A month after my Dad died I was offered a job in a hotel that I had already worked in and for a position I had been in previously. As anything new at that point was freaking me out so the old familiar was what I went with.  My heart wasn’t really in it, but my brain took the lead on this decision. And sometimes that is just what is needed.
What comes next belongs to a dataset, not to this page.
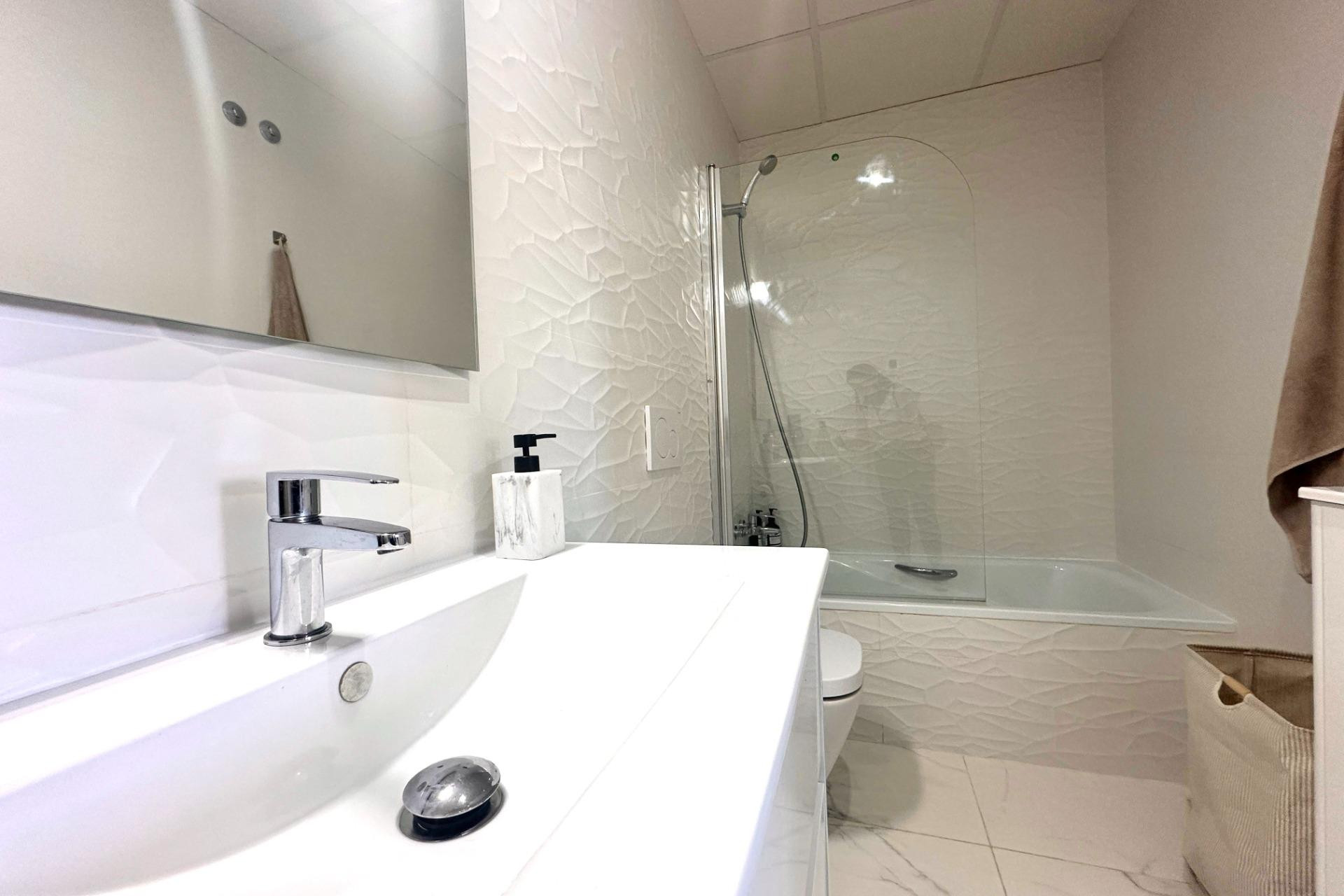 Revente - Appartement - Orihuela Costa - PAU 8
I stayed at the hotel for just over a year and by then realized that I really couldn’t do it anymore. I didn’t have the same patience for people and I would get angry at little issues. I wasn’t shining anymore. I had been supported by my colleagues and managers, which would not have happened at any other hotel, so I knew how special it was and I was grateful for how it ended.  It was bittersweet parting for me. I was leaving the industry that I been in for so long, an industry that allowed me to travel & live abroad, to see Tony Bennett live in one of the ballrooms of one the hotels I worked in, that brought amazing people into my life that I am still friends with!. It allowed me to meet family in Scotland that I hadn’t met before, to spend my 33rd birthday in Paris and a Christmas in Prague! I had so many adventures and so much to be thankful for.
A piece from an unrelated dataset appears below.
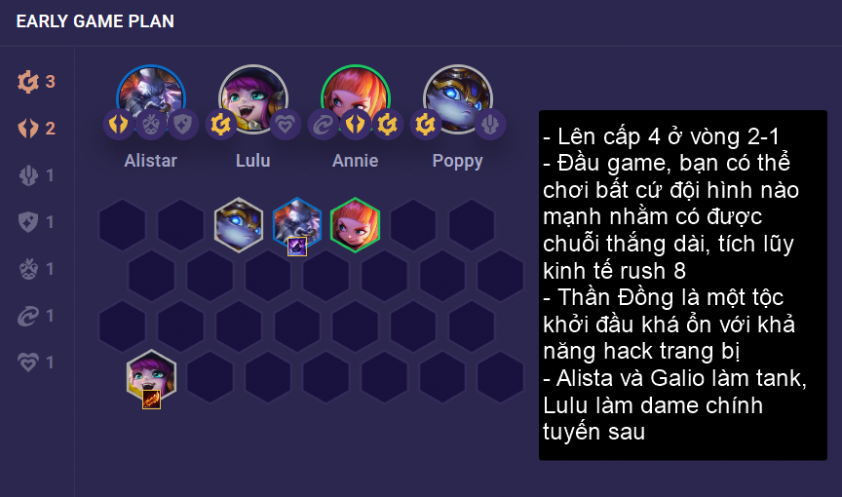 Top đội hình DTCL Mùa 8 229639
Once all the papers were signed, and I walked out the doors of the hotel for the last time as an employee, I had time again to think about what I really wanted to do. I went to Victoria to visit some friends and from that trip and through some connections and the Universe nudging me with a number of signs, I decided to back to Victoria from Vancouver.  I was offered a job in a local company that gave me a fresh start in a new industry which helped me realize that I wasn’t stuck in hospitality, and that even at 40 years of age (please note sarcasm), I could learn new skills.  Just over a year later, I stepped away from the company and launched my own Virtual Assistant business.
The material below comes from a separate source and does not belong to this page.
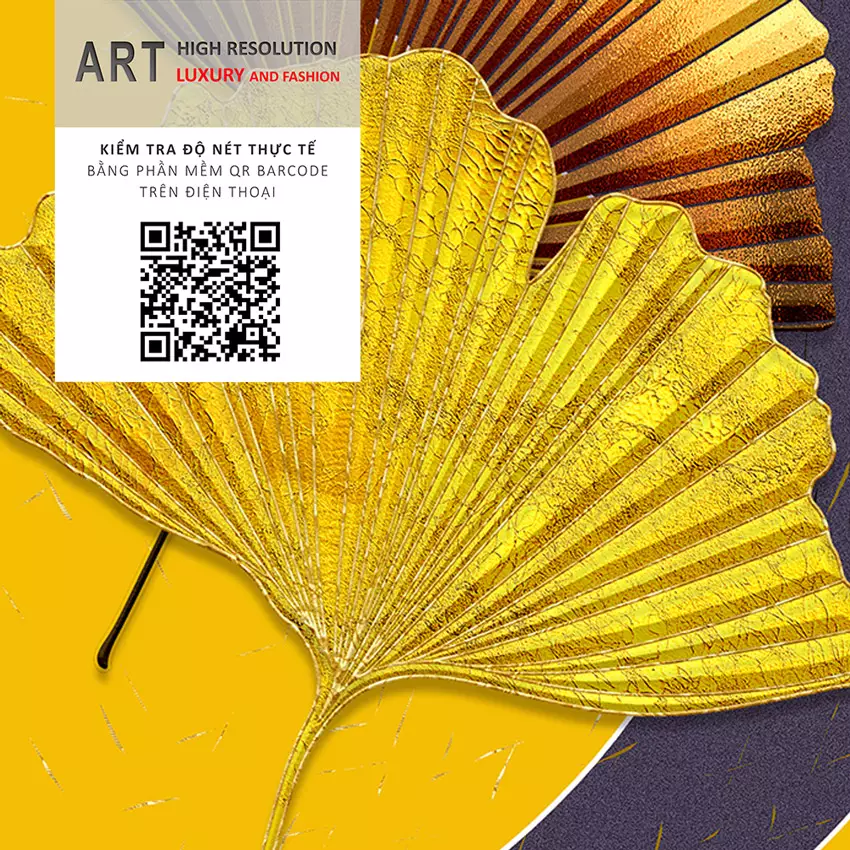Tranh Mica Bóng Gương Tinh Tế AZ1-1718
Which is where I am now. Seanna Nichol Virtual Assistant. To think back to that time and how concerned I was with what I would do next, to what I am doing now, traveling and working from my laptop, I am just grateful that I stepped out of my own way. I like to think that I was also in part guided by my Dad who had died with most of his song still inside of him and he didn’t want that for me hence some of the nudges.

So what do you do when you no longer do what you did? You do something different.